Пятьдесят лет назад, с этой же самой Александрийской сцены, величайший творец русского театра Гоголь в развязке «Ревизора» сказал устами Первого Актера: «Соотечественники! Не пустой я какой-нибудь скоморох, созданный для потехи пустых людей, но честный чиновник великого Божьего государства… Дружно докажем свету, что в Русской земле все от мала до велика стремится служить Тому же, Кому все должно служить на земле, несется туда же кверху, к Верховной Красоте». Гоголь хотел, чтобы театр вернулся к своему первому истинному призванию, чтобы и в современном театре, также как в средневековых мистериях и древнегреческой трагедии, происходило некоторое «священное действие», некоторое «таинство», служение Богу.

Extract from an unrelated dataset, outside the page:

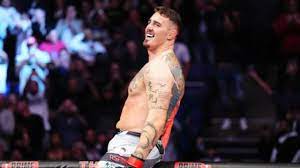 Tom Aspinall believes "smart" Jon Jones will avoid him and retire before  unifying UFC heavyweight titles - MMAWeekly.com | UFC and MMA News,  Results, Rumors, and Videos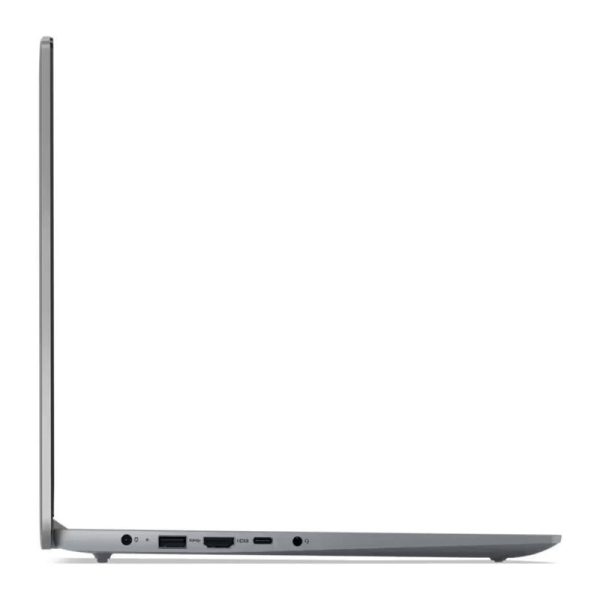 لپ تاپ 15.6 اینچی لنوو مدل Lenovo IP3 Slim - i7-13620H 16GB 512SSD - Image 2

Сегодня делается первый, может быть, еще слабый, но во всяком случае знаменательный опыт восстановить это первоначальное религиозное значение театра.
<Но> что это — скажи, —
Что смертные любовью называют? —
этот вопрос Федры есть главный вопрос всей трагедии, поднятый Еврипидом впервые именно здесь, в «Ипполите», не только в художественном, нравственном, но и в религиозном значении: что такое любовь, как явление человеческого и божеского мира?
Слово «любовь» на русском и на всех новых европейских языках имеет двойное значение: первый смысл — древний, языческий; любовь — страсть, плотское вожделение, Эрос, тяготение пола к полу. Второй смысл — уже новый, христианский: любовь — милосердие, сострадание, всепрощение, любовь девственная, противоположная, или кажущаяся противоположною страсти. Первая любовь, страстная и жестокая, воплощена в одном из двух главных, реально и мистически действующих лиц трагедии — в лице богини Афродиты; вторая, девственная и милосердная — в Артемиде. Борьба этих двух божественных начал мира, жестокого и милосердного, сладострастного и целомудренного, отражается в человеческой борьбе Ипполита и Федры. Между Афродитою и Артемидою, между этими двумя противоположными божествами, происходит вся человеческая трагедия.
Афродита — мать сущего, источник всякого бытия:
Она царит повсюду —
И в небесах, и в глубине морей,
И семена любви в природе сеет:
От них, <дитя>, произошли мы все.
Но все, что рождается, должно умереть: в самом рождении есть уже семя смерти, тления; в страсти есть начало страданий и жестокости. Сила Афродиты не только творческая, но и разрушительная:
Не являйся мне, Эрос,
Разрушающей силой,
Беспощадным врагом!
Афродита «губит все своим дыханьем». Эрос —
…все уничтожая,
К людям с муками и смертью,
Торжествующий, грядет.
Ипполит и Федра, оба называют Афродиту «жестокою», «злою» богинею.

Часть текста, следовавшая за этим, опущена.